Jiayi Huang,Han Zhong,Liwei Wang,Lin F. Yang
Abstract:To tackle long planning horizon problems in reinforcement learning with general function approximation, we propose the first algorithm, termed as UCRL-WVTR, that achieves both \emph{horizon-free} and \emph{instance-dependent}, since it eliminates the polynomial dependency on the planning horizon. The derived regret bound is deemed \emph{sharp}, as it matches the minimax lower bound when specialized to linear mixture MDPs up to logarithmic factors. Furthermore, UCRL-WVTR is \emph{computationally efficient} with access to a regression oracle. The achievement of such a horizon-free, instance-dependent, and sharp regret bound hinges upon (i) novel algorithm designs: weighted value-targeted regression and a high-order moment estimator in the context of general function approximation; and (ii) fine-grained analyses: a novel concentration bound of weighted non-linear least squares and a refined analysis which leads to the tight instance-dependent bound. We also conduct comprehensive experiments to corroborate our theoretical findings.
What problem does this paper attempt to address?
The problem that this paper attempts to solve is: in reinforcement learning (RL) with universal function approximation, can efficient, horizon - free and instance - dependent learning be achieved?
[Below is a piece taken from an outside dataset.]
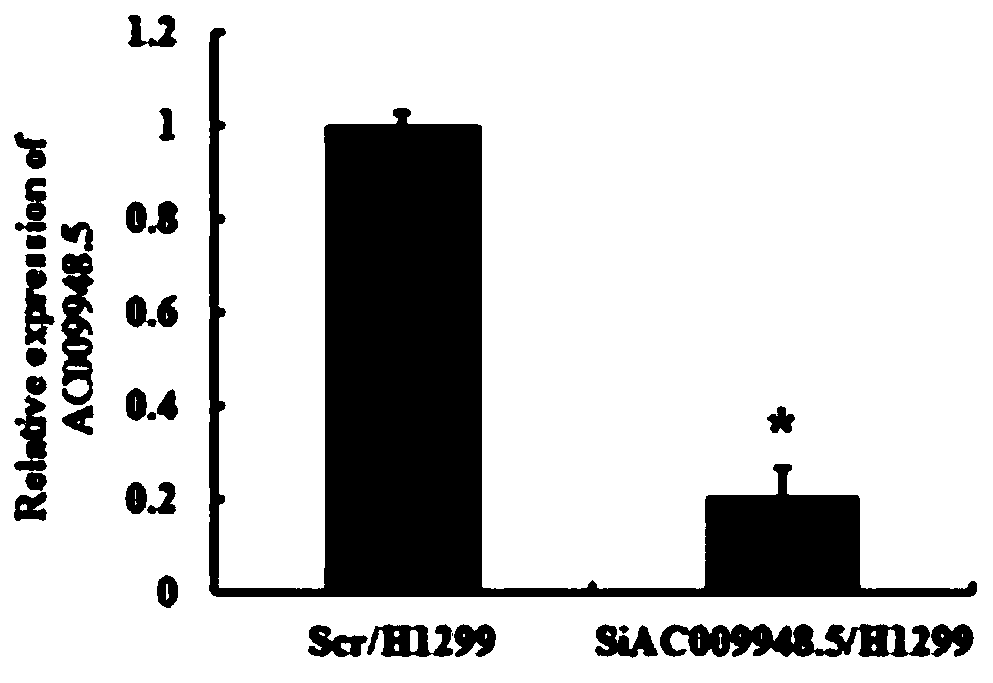 Application of a lncrna in diagnosis and/or treatment of lung adenocarcinoma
### Specific problem description:
1. **Horizon - Free Regret**:
- In reinforcement learning problems with long planning horizons, existing algorithms usually have a strong dependence on the time horizon \(H\). This makes them less efficient when dealing with long - term planning problems.
- The paper proposes a new algorithm UCRL - WVTR, which can work without depending on the time horizon, thus improving the efficiency of dealing with long - term planning problems.
2. **Instance - Dependent Regret**:
- Traditional worst - case regret bounds are often too loose and cannot accurately reflect the complexity of specific problems.
- Instance - dependent regret bounds can provide tighter guarantees according to the characteristics of specific problems, so they are more practical.
3. **General Function Approximation**:
- Existing research mainly focuses on tabular or linear - mixture Markov decision processes (MDPs), and these assumptions are often not very practical in the real world.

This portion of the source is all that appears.